____ Given material
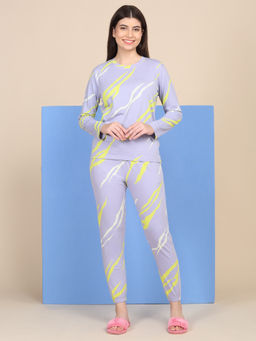 Sweet Dreams - Women Lavender Printed T-shirt and Joggers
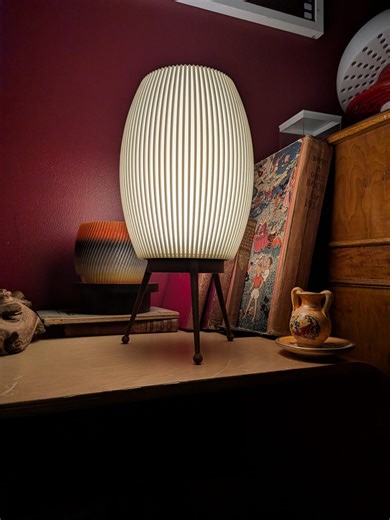 Mid Century Modern Lamp - Rechargeable, Remote Control, Colour Changing - Etsy UK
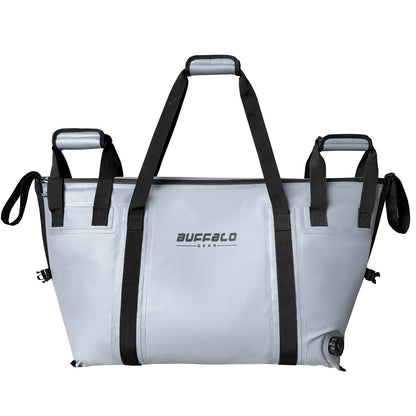 Buffalo Gear 58QT Insulated Fish Cooler Bag Front View, Gray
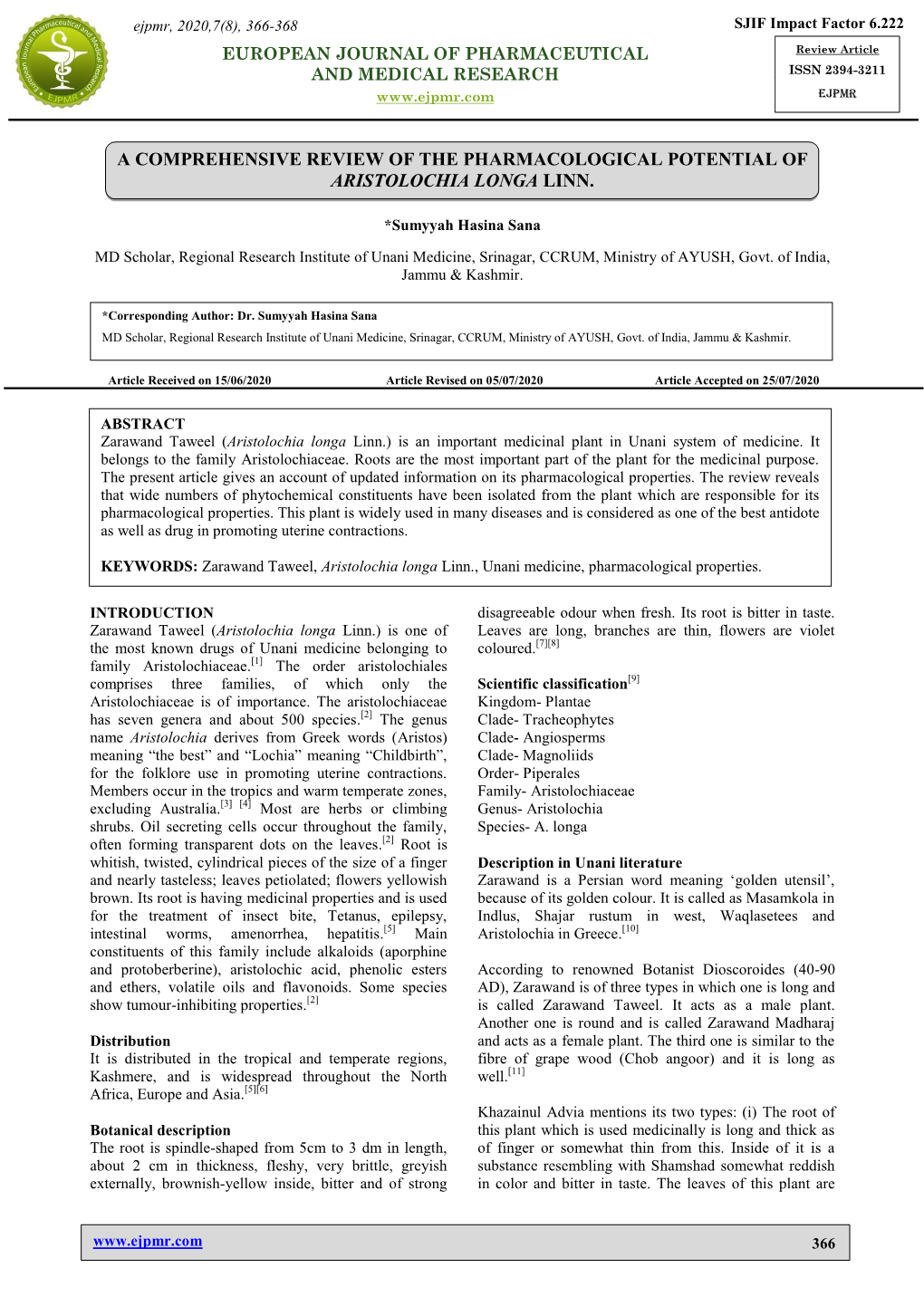 A Comprehensive Review of the Pharmacological Potential of Aristolochia Longa Linn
________
For this exercise, output only the lines from the one bearing "Mid Century Modern" to the end of the material above, exactly as written, with pictures left out.

▸ Solution for this exercise
 Mid Century Modern Lamp - Rechargeable, Remote Control, Colour Changing - Etsy UK
 Buffalo Gear 58QT Insulated Fish Cooler Bag Front View, Gray
 A Comprehensive Review of the Pharmacological Potential of Aristolochia Longa Linn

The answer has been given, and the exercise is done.